Monday, February 13, 2006

Gaming keeps you young

Above link just goes to show what I already knew - gaming is w00t. And the more w00t, the better.

Vocation motivation

While I know that I really should be motivated to work for the sake of being productive and doing something worthwhile, the fact of the matter is that given the choice, I wouldn't work. The thought of doing whatever the heck I liked all day is really quite appealing. The thing is though, that I work so that I can provide for my wife and child, and make a life for us that keeps us happy, healthy and safe. Money is a big contributor to those three goals, so I work, and that keeps things good.
But recently, it's been a bit different. My wife is a stay at home mum by choice, but recently our son has become quite a handful. So she spends her days getting progressivly more tired and stressed, until I come home of an evening, which is a time she builds up in her mind as being her point of relief and respite. However, I come home tired myself, and would love nothing more then to sit down and have a rest. This makes her not happy. Meanwhile, valuable time I could be spending with my little boy ticks away while I try and recouperate from the days' work. Not that my job is particularly harsh - it's just a full day of work each day. My wife isn't interested in doing anything, because she's cactused from the day with our son, and so we all are generally unhappy until we go to bed. We then get up, and do it all again.
Why am I doing this? We were a heck of a lot happier when we were living off Centrelink while I was at uni. We spent most of our day together each day, and so I could help my wife through the tough spots. True, we didn't have our son then, but imagine if money was no object for a second. We could divide the stress of caring for an almost 2 year old between us, and get to the end of the day happy and not overly emotionally drawn. He'd be better off, we'd be better off, we'd just have a lot less money. Instead, I come home each day to a woman who would be happy to see me if she could muster the energy, and who is disapointed because she can immediatley tell that I'm not overly keen to spend the entire evening minding our son while she sleeps. I was alright when I was working a job with short hours, but now that I'm working a normal day, I just don't have the facility to come home and be our son's only source of entertainment. Couple that with the stress from a new job and trying to buy a house, and I'm just about ready to check myself in for a few weeks at the sanitarium.
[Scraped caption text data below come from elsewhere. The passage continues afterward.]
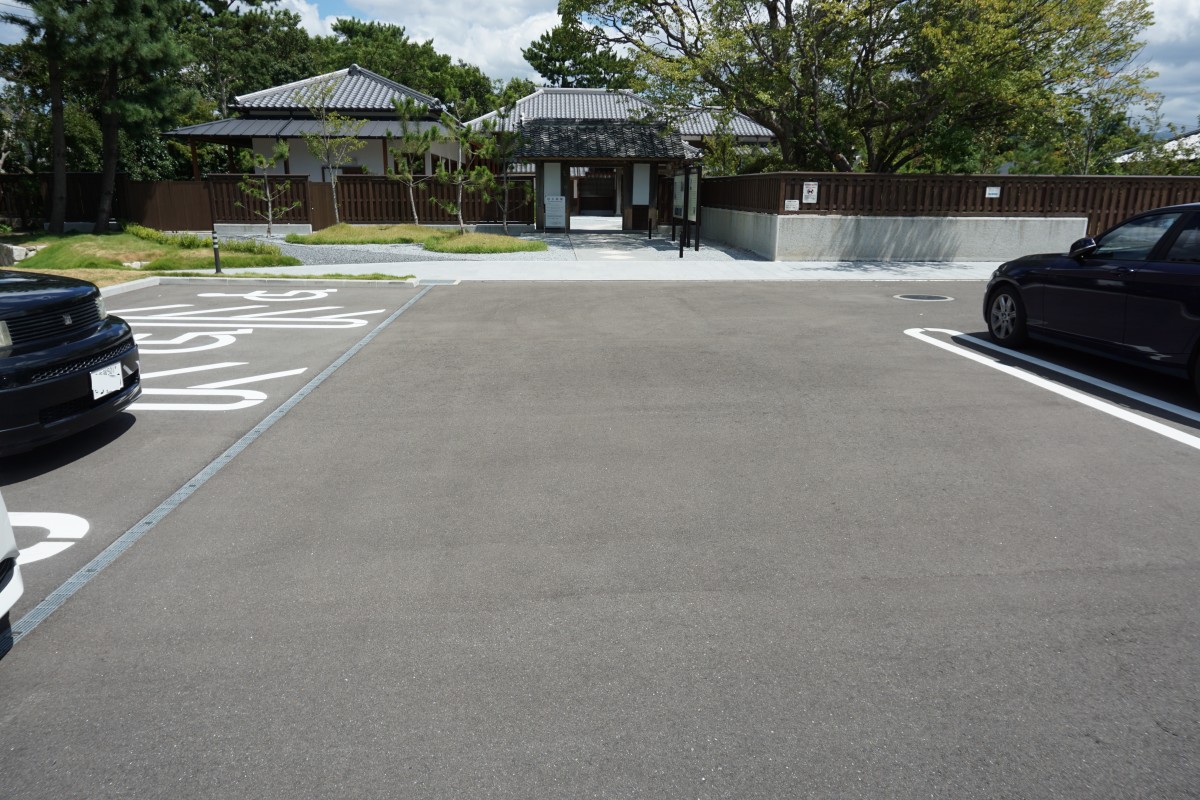 駐車場から門まで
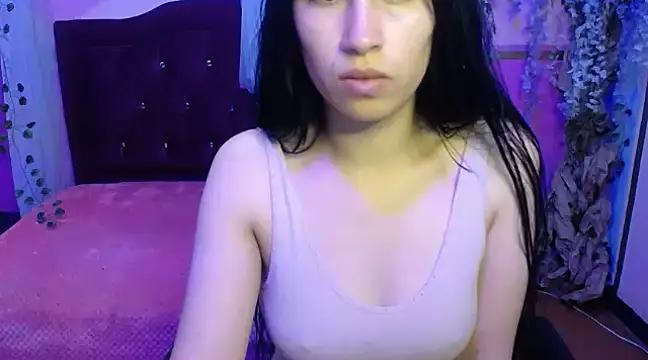 GraceSquirtExtrem from StripChat is Freechat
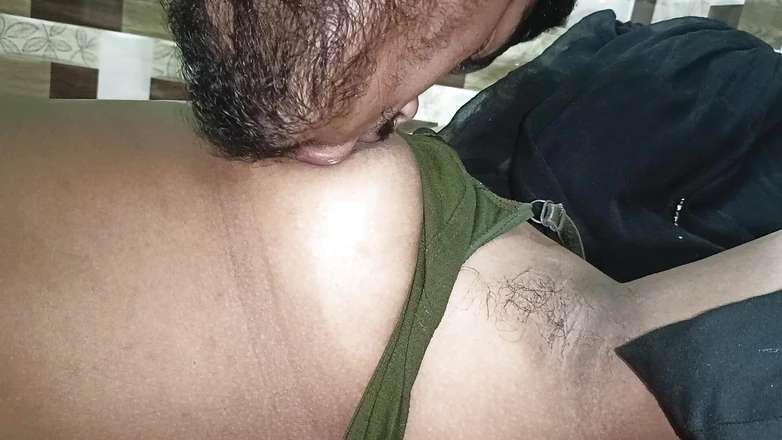 Desi Bhabhi 01: My Girlfriend First Time Pressing Video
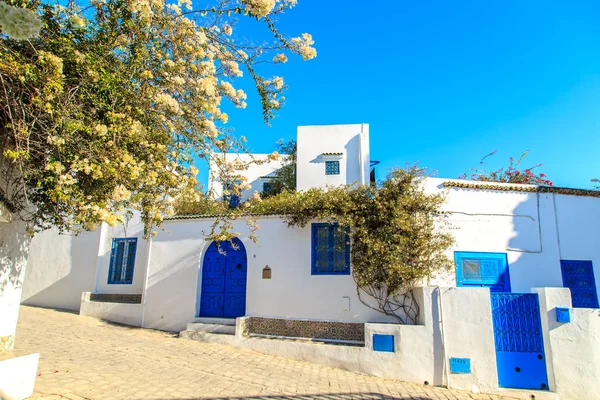 Weiß-blaue Stadt sidi bou sagte, Tunesien. — Stockfoto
Anyway, that'll do. I'm just having a smallish vocation crisis. I'll be OK shortly I'm sure.

Thursday, February 09, 2006

Best. Quote. Ever.

Being an IT person, the above-linked quote makes me feel like I'm part of a group. A fraternity, if you will, of nerds, geeks, and the occasional rabid Mac user who understand that it's better to spend a lifetime automating a relativley short task as long as you know that next time you need to do said task, it won't take you any time at all...
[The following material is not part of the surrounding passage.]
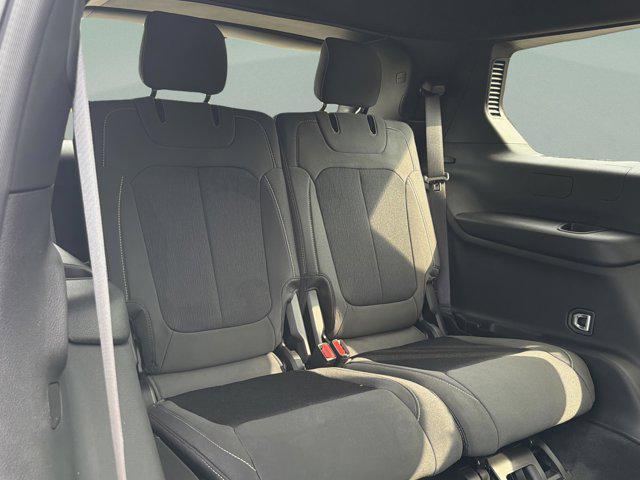 new 2026 Jeep Grand Cherokee L car, priced at $38,999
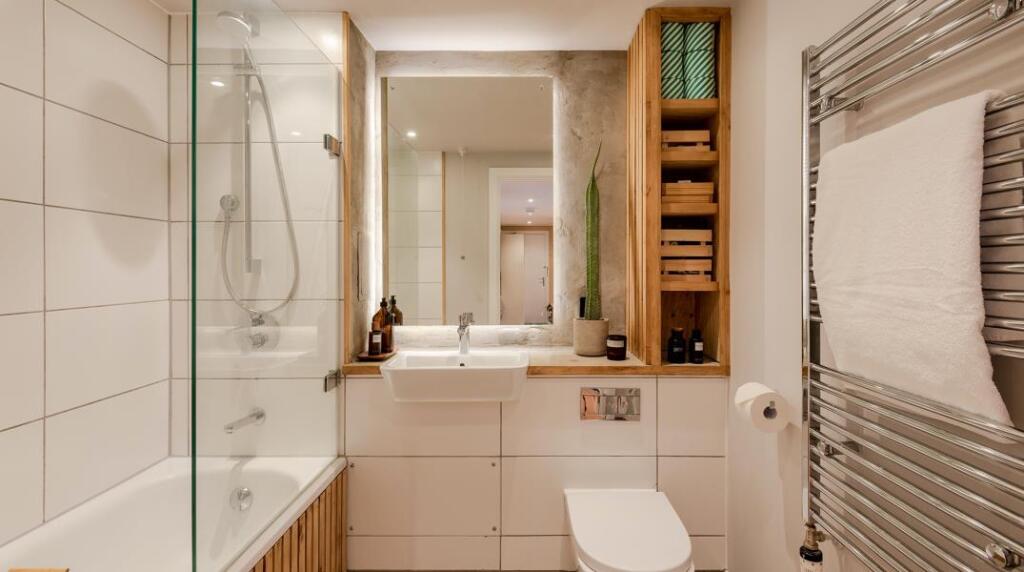 Apartment in London - More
Do you ever have those days where things are just wrong from the outset? Today is that day for me. It's weird, because a lot of good stuff is going on: house, job, etc. It's all fine and dandy. However, there's a couple of things that are not, and of most importance is the fact that I'm not fine and dandy. I'm kanashii. Sad. Miserable, in fact. I can't shake it, because there are a number of those not-good things around me which are imminent enough to bring me straight back into it.

So yeah, that's it. Justin is unhappy. I'm sure you're all excited to be in the loop.

Speaking of being in the loop - for those of you who may not have heard, I'm actually a home owner now. I've signed contracts and all that, and the only thing really left to do is hand over $250,000 odd on top of the $15,000 odd we've already left and we can move in. It's a tops house, I'm really quite happy with it - if only I could get back to "OK" so I could be happy about it. All in good time I guess.